Pass `Accept` header in `contrib.utils.download`

GraemeWatt commented 3 years ago

I'm copying a comment here that I made in the HEPData Zulip chat on 16th October 2020.

Regarding the issue (HEPData/hepdata#162) to mint DOIs for all local resource files attached to a submission, if we do eventually get around to addressing it, we would probably redirect the DOI to a landing page for the resource file, rather than to the resource file itself (e.g. the pyhf tarball). This would follow the DataCite Best Practices for DOI Landing Pages, e.g. "DOIs should resolve to a landing page, not directly to the content", which I'm currently breaking for the two manually minted DOIs. In the issue (HEPdata/hepdata#162) I mentioned the possibility of using DataCite Content Negotiation to redirect to the resource file itself, but the linked page now says "Custom content types are no longer supported since January 1st, 2020". I thought maybe content negotiation could be used to return the .tar.gz file directly, but the intended purpose is to retrieve DOI metadata in different formats, not to provide the content itself. In anticipation of possible future changes, I'd recommend that you use the URL directly rather than the DOI in pyhf download scripts and documentation (e.g. revert #1109).

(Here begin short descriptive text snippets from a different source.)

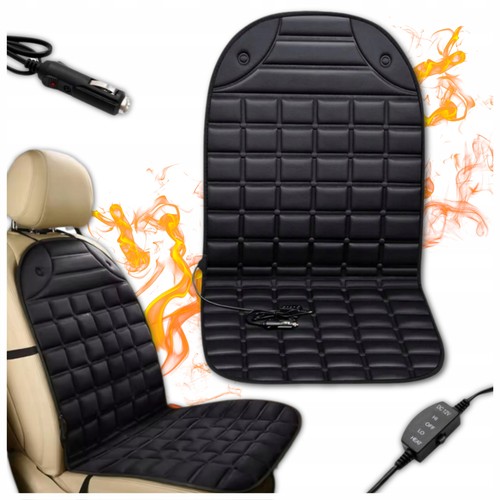 12v heizdecke für autositz - 12v-heizdecke,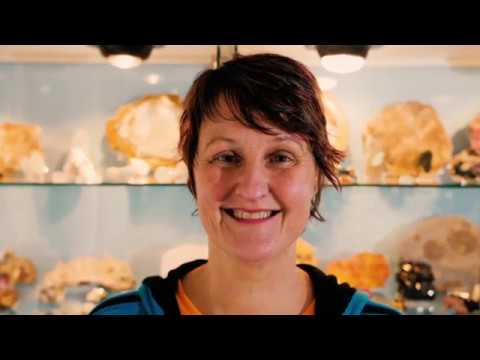 6.30m Janet Ossebaard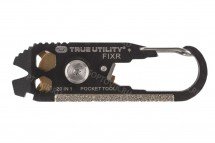 Super Knife мультитул 20 в 1 оптом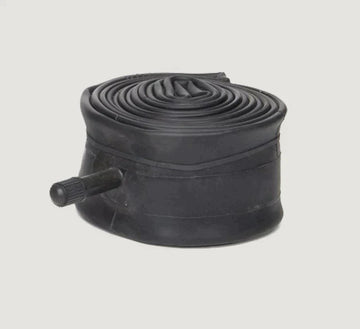 Heavy duty cheap bike inner tubes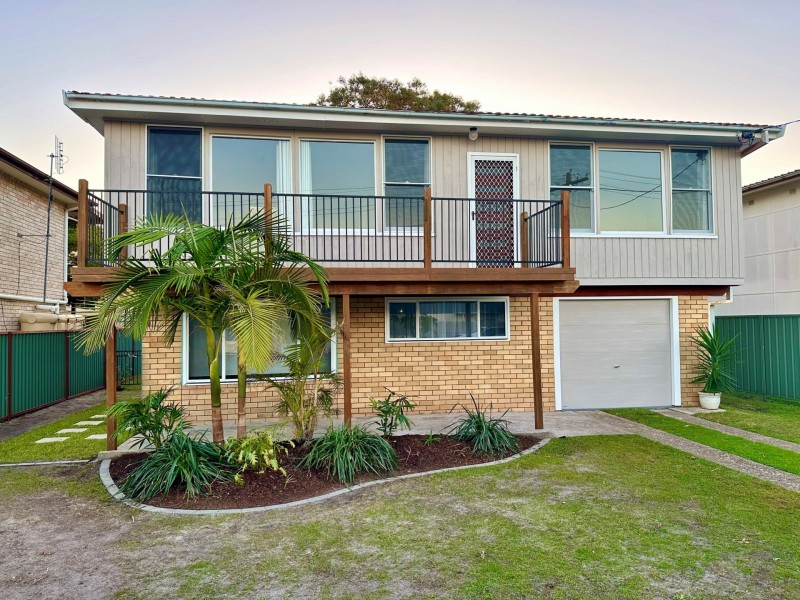 7 Alexandra Street, Budgewoi NSW 2262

matthewfeickert commented 3 years ago

Thanks @GraemeWatt. This is important, so we're quite happy you're bringing this (back) to our attention.

So, from my understanding of what you've shown here, as the recommendation from DataCite is that "DOIs should resolve to a landing page, not directly to the content" and that "The DOI should be appropriately tagged (so that machines can read it)" and "can retrieve additional information about the item that might not be easily retrievable from the item itself." But as you've said that there's no way to get access to the actual data products associated with that particular then I guess I'm not clear on what purpose the DOI has if it just is the metadata.

In the section The landing page should provide a way to access the item

Humans should be able to reach the item being described from the landing page. If the item has been removed, retracted, or otherwise made unavailable to the public on purpose, the landing page should serve as a "tombstone page", providing enough information that the item can be identified and confirmed to have existed at one time.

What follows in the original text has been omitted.